*Source data*.
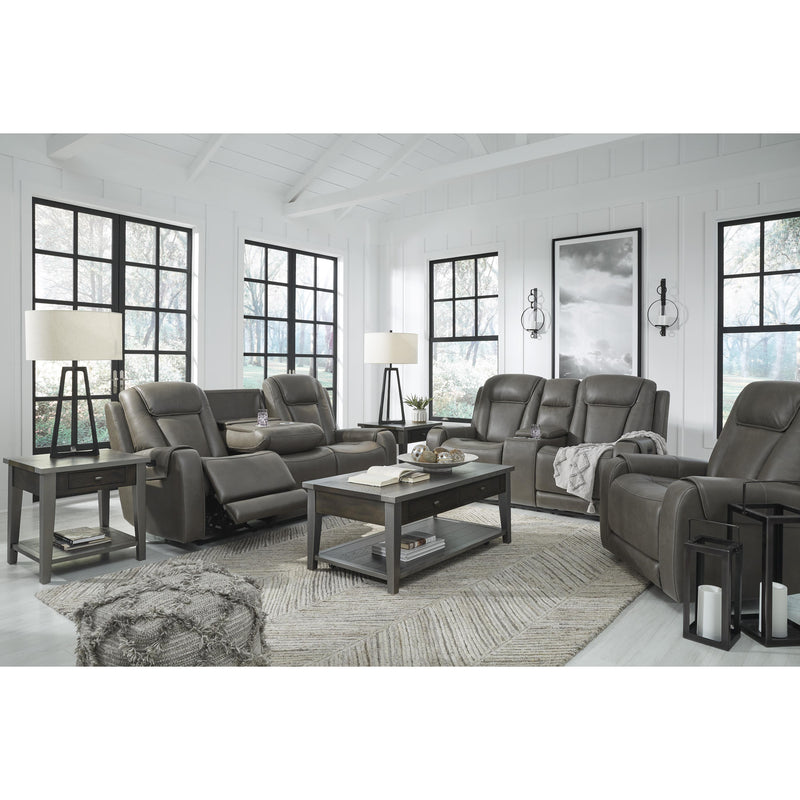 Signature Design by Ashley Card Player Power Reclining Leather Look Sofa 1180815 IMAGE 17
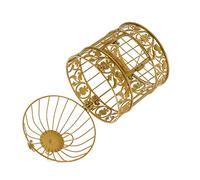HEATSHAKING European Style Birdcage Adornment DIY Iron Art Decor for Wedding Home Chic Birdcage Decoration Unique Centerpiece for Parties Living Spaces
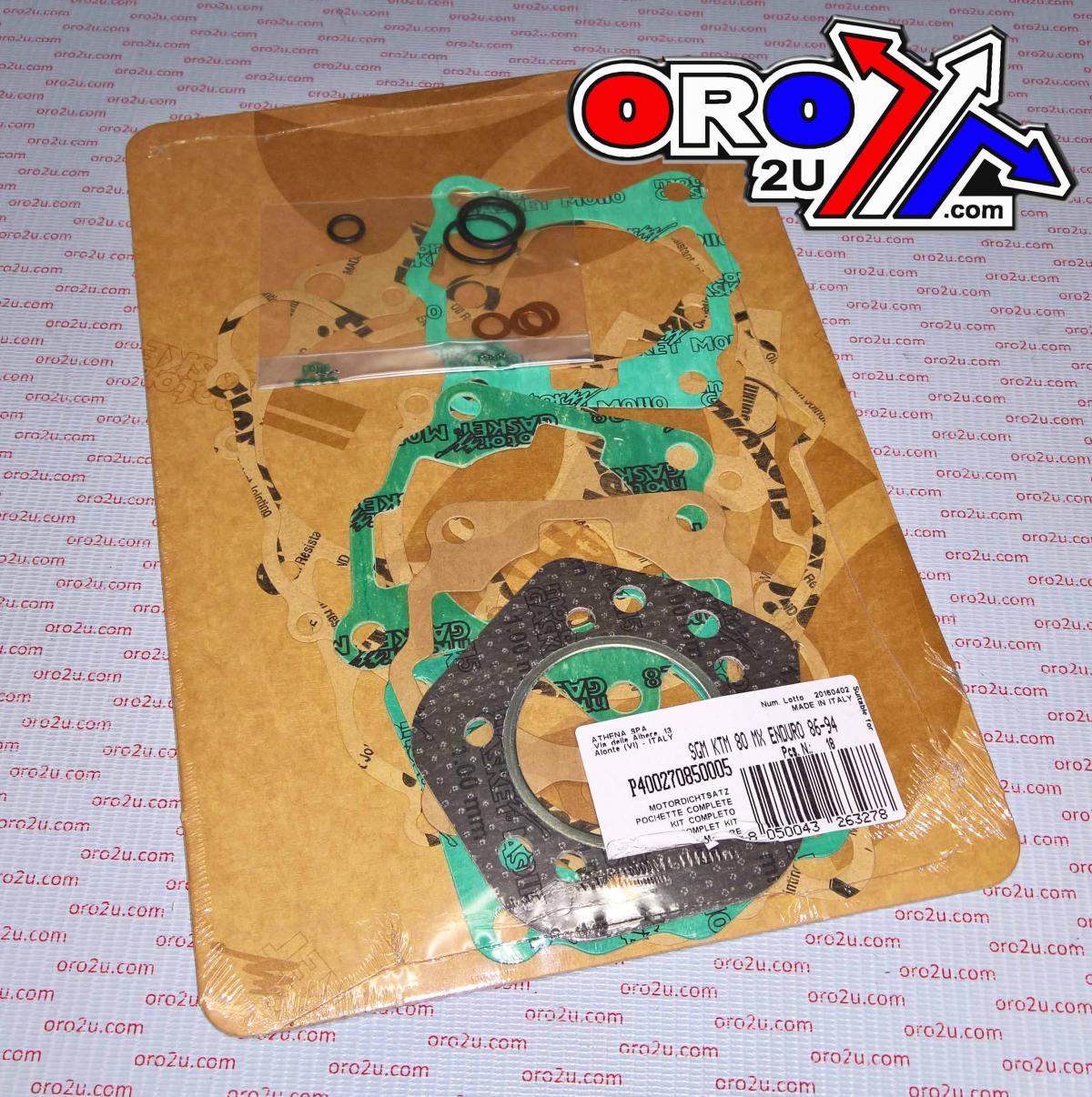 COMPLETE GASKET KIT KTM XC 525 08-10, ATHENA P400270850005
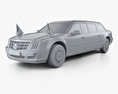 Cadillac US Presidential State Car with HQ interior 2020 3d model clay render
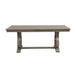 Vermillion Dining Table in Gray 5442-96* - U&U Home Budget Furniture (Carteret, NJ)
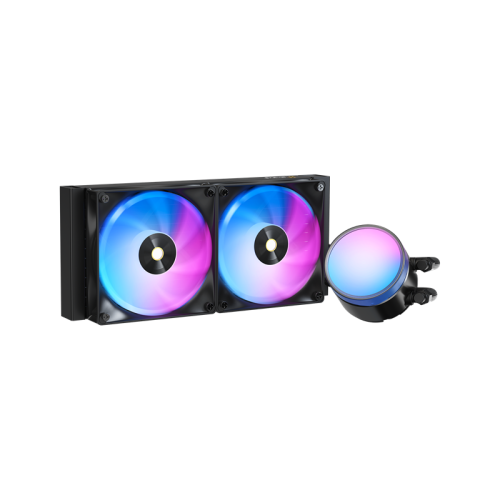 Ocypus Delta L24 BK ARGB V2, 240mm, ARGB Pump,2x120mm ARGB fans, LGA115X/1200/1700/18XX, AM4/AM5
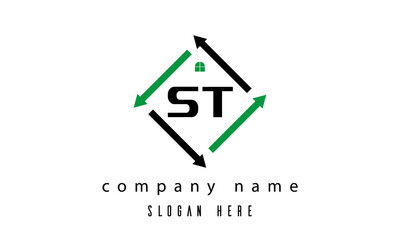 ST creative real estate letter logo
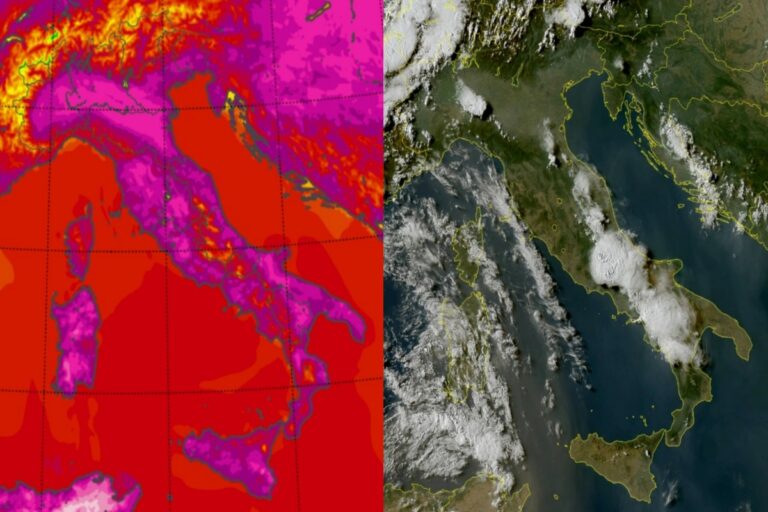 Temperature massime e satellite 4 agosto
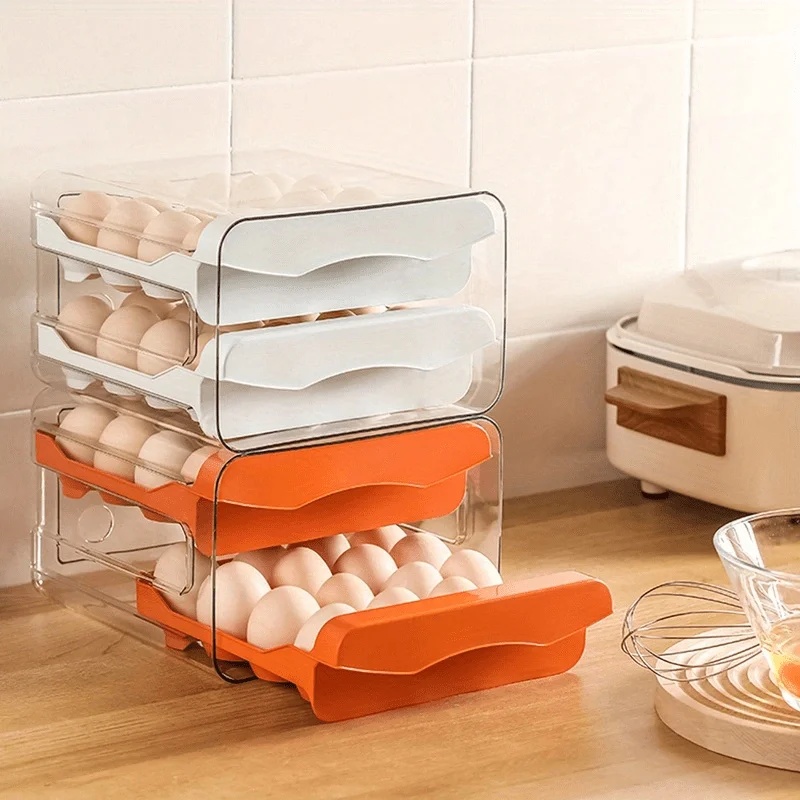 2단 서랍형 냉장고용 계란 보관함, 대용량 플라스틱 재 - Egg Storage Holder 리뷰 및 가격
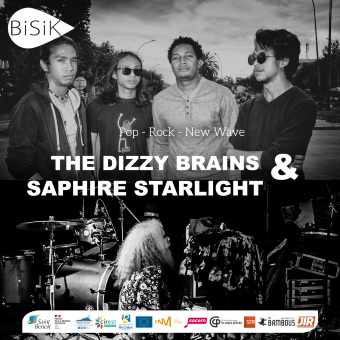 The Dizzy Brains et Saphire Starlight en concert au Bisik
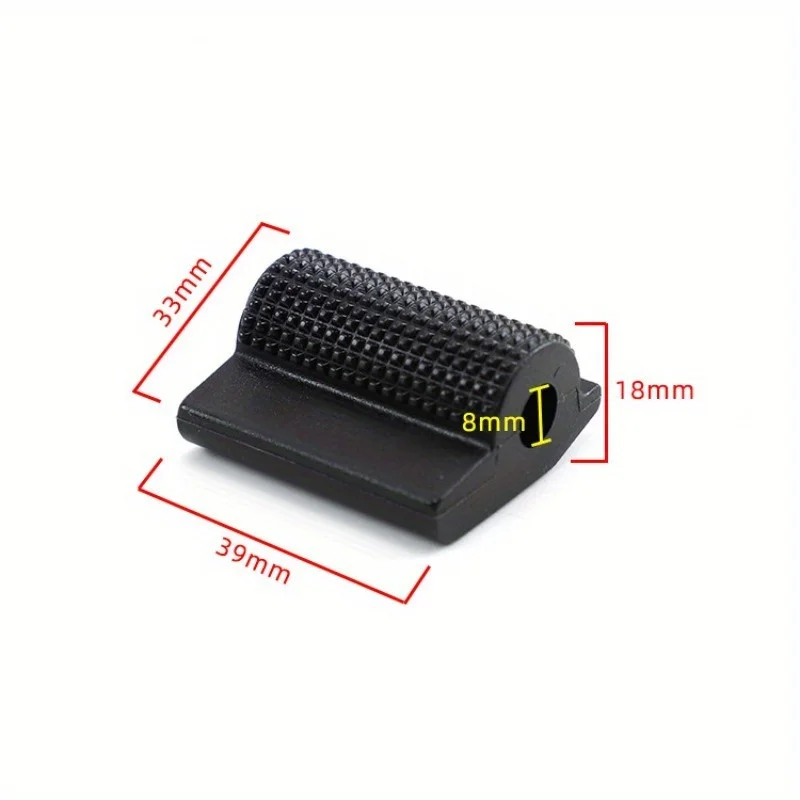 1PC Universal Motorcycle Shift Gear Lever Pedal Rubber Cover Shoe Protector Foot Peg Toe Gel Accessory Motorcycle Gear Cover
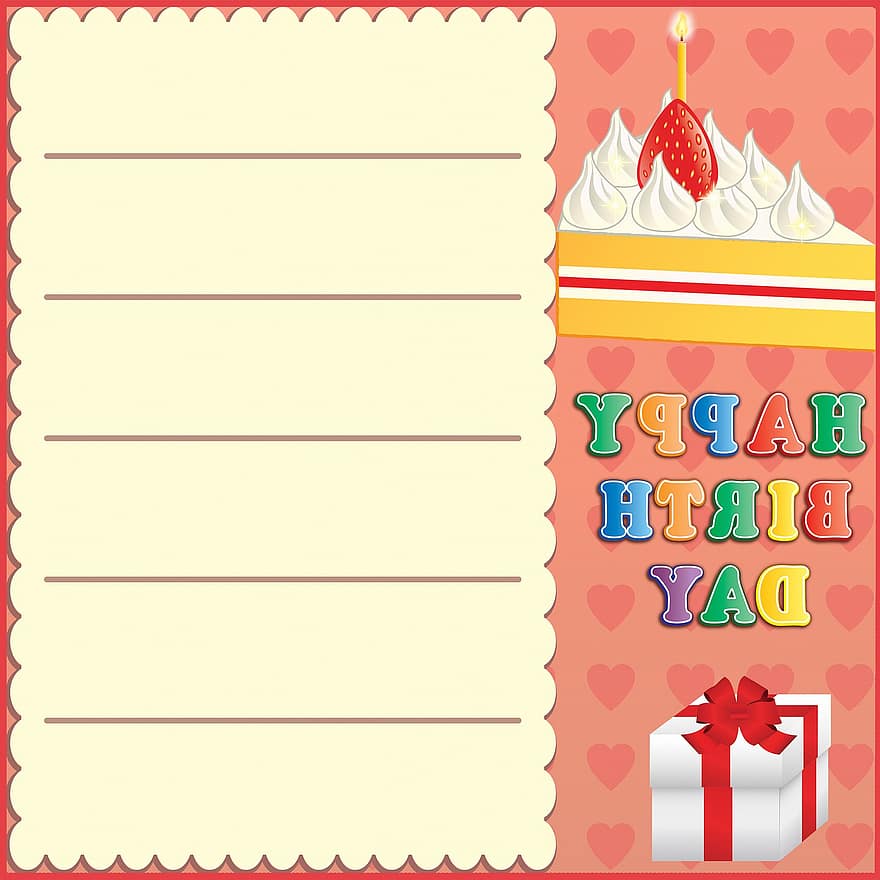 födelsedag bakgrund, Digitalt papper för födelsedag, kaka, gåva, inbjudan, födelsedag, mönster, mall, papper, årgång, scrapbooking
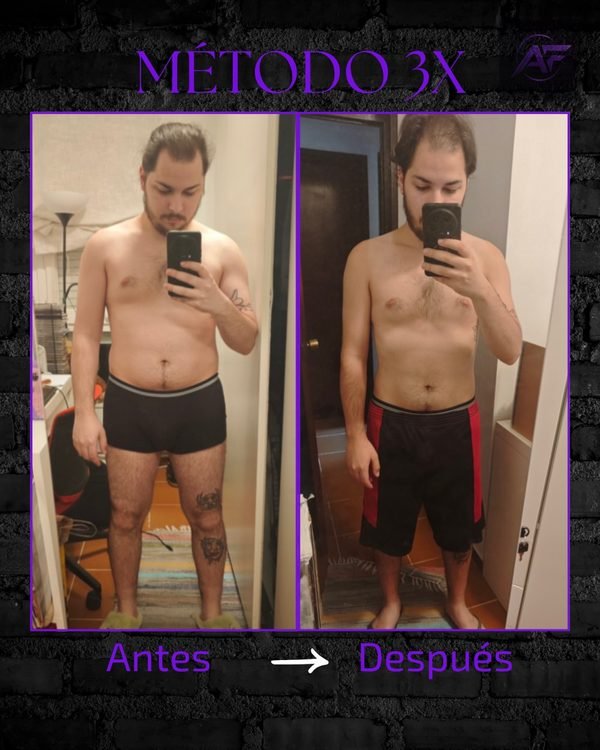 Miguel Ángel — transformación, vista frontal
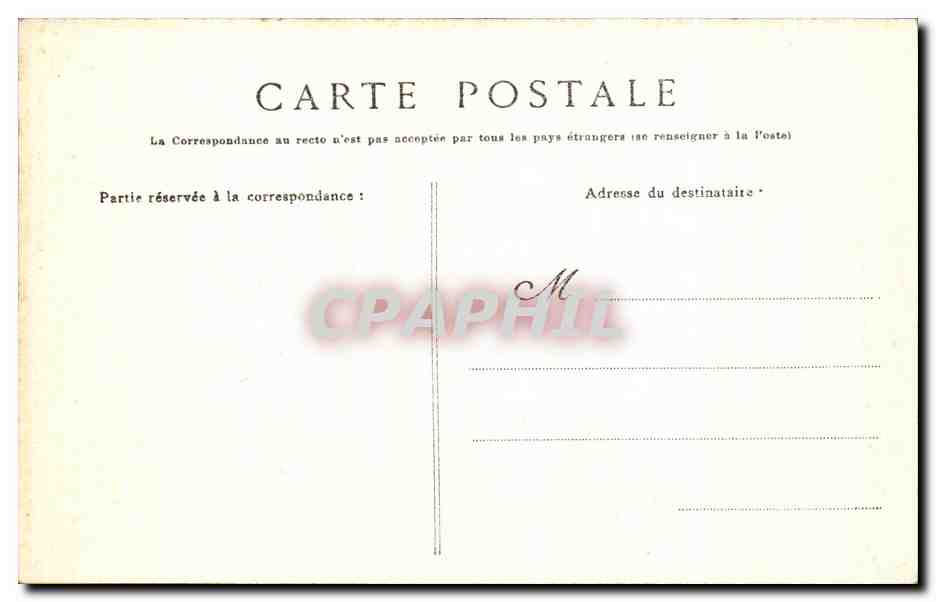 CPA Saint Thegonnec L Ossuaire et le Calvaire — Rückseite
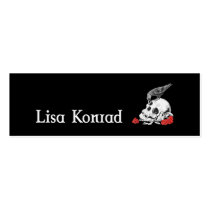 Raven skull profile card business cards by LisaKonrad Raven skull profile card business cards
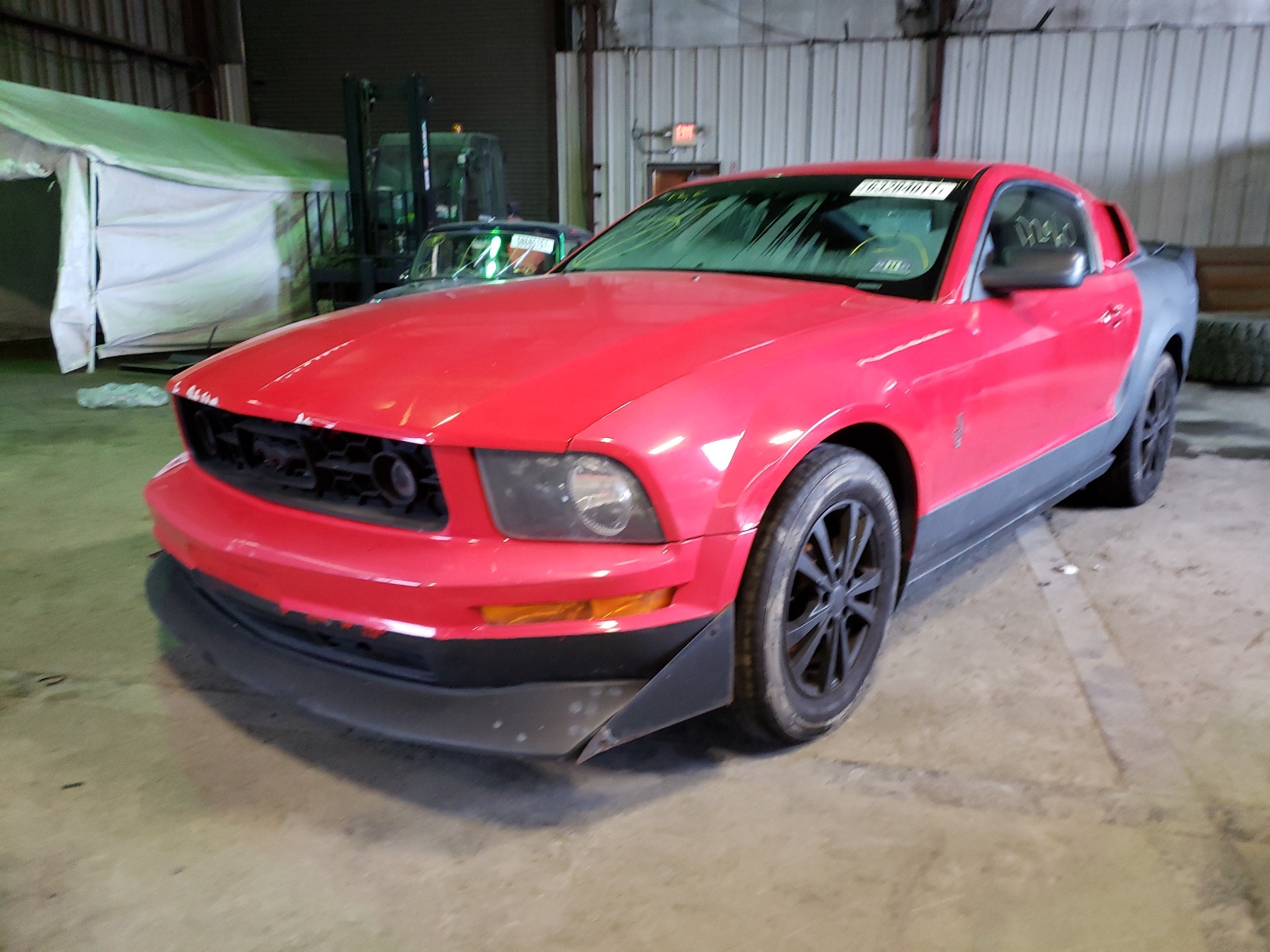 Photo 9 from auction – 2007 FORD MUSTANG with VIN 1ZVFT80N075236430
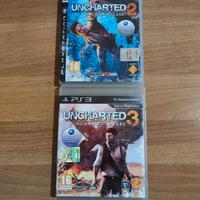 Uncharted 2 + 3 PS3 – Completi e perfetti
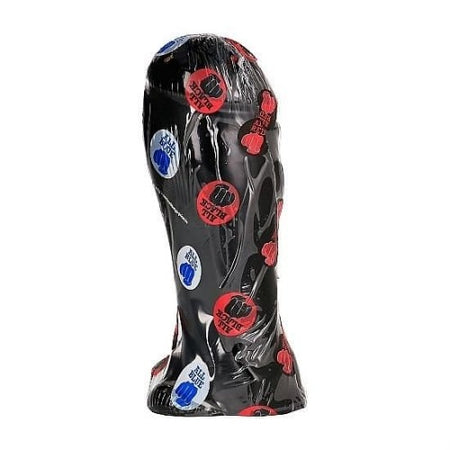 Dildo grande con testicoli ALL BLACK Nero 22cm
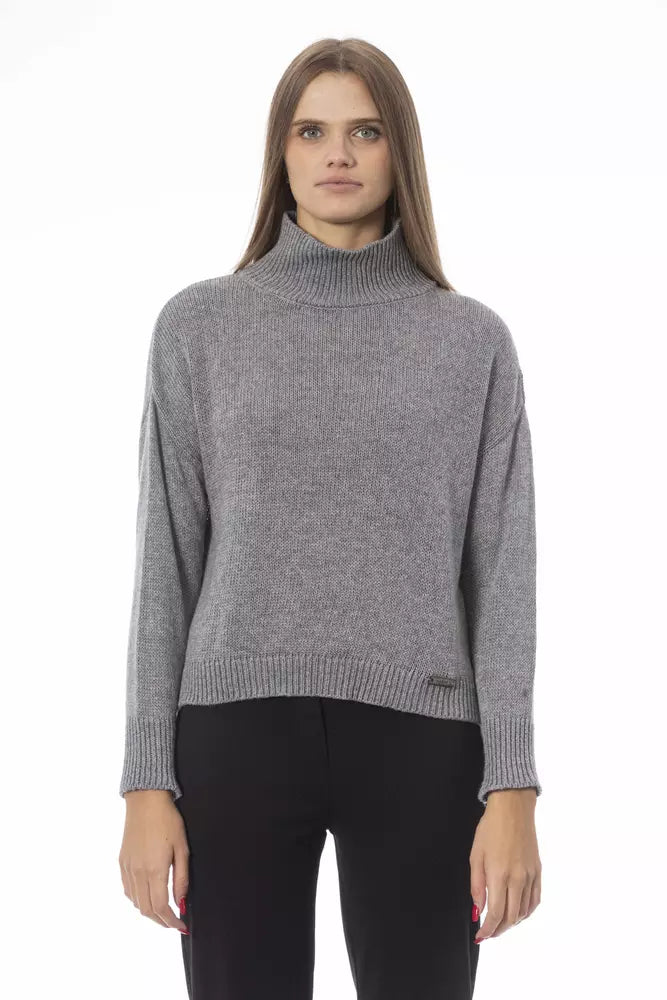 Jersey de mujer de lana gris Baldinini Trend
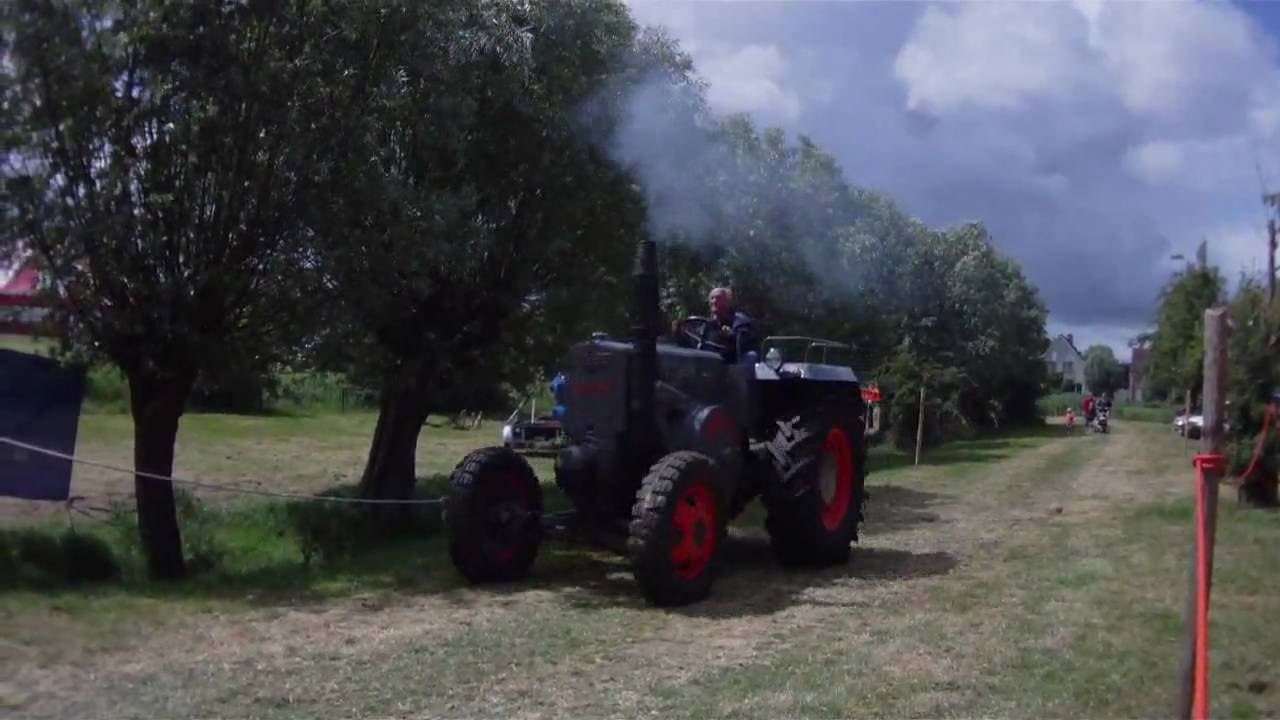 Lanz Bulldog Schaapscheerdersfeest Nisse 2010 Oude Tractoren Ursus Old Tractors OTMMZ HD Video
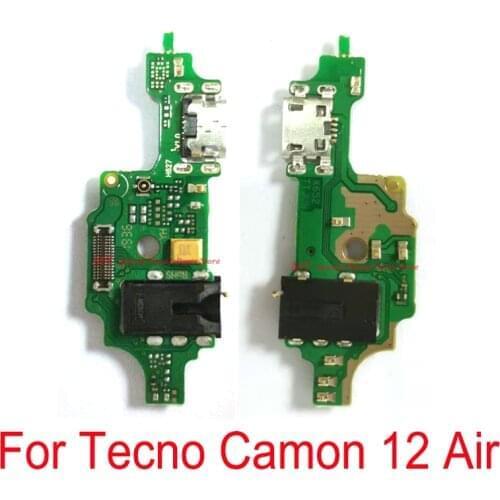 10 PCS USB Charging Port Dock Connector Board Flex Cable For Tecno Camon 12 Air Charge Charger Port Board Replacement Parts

*What to produce*. From the first line of the entries above down to the line holding "Jersey de mujer de lana gris Baldinini Trend", quote each line exactly and nothing else, skipping pictures.

*Answer for the task*.
 Signature Design by Ashley Card Player Power Reclining Leather Look Sofa 1180815 IMAGE 17
HEATSHAKING European Style Birdcage Adornment DIY Iron Art Decor for Wedding Home Chic Birdcage Decoration Unique Centerpiece for Parties Living Spaces
 COMPLETE GASKET KIT KTM XC 525 08-10, ATHENA P400270850005
 Cadillac US Presidential State Car with HQ interior 2020 3d model clay render
 Vermillion Dining Table in Gray 5442-96* - U&U Home Budget Furniture (Carteret, NJ)
 Ocypus Delta L24 BK ARGB V2, 240mm, ARGB Pump,2x120mm ARGB fans, LGA115X/1200/1700/18XX, AM4/AM5
 ST creative real estate letter logo
 Temperature massime e satellite 4 agosto
 2단 서랍형 냉장고용 계란 보관함, 대용량 플라스틱 재 - Egg Storage Holder 리뷰 및 가격
 The Dizzy Brains et Saphire Starlight en concert au Bisik
 1PC Universal Motorcycle Shift Gear Lever Pedal Rubber Cover Shoe Protector Foot Peg Toe Gel Accessory Motorcycle Gear Cover
 födelsedag bakgrund, Digitalt papper för födelsedag, kaka, gåva, inbjudan, födelsedag, mönster, mall, papper, årgång, scrapbooking
 Miguel Ángel — transformación, vista frontal
 CPA Saint Thegonnec L Ossuaire et le Calvaire — Rückseite
 Raven skull profile card business cards by LisaKonrad Raven skull profile card business cards
 Photo 9 from auction – 2007 FORD MUSTANG with VIN 1ZVFT80N075236430
 Uncharted 2 + 3 PS3 – Completi e perfetti
 Dildo grande con testicoli ALL BLACK Nero 22cm
 Jersey de mujer de lana gris Baldinini Trend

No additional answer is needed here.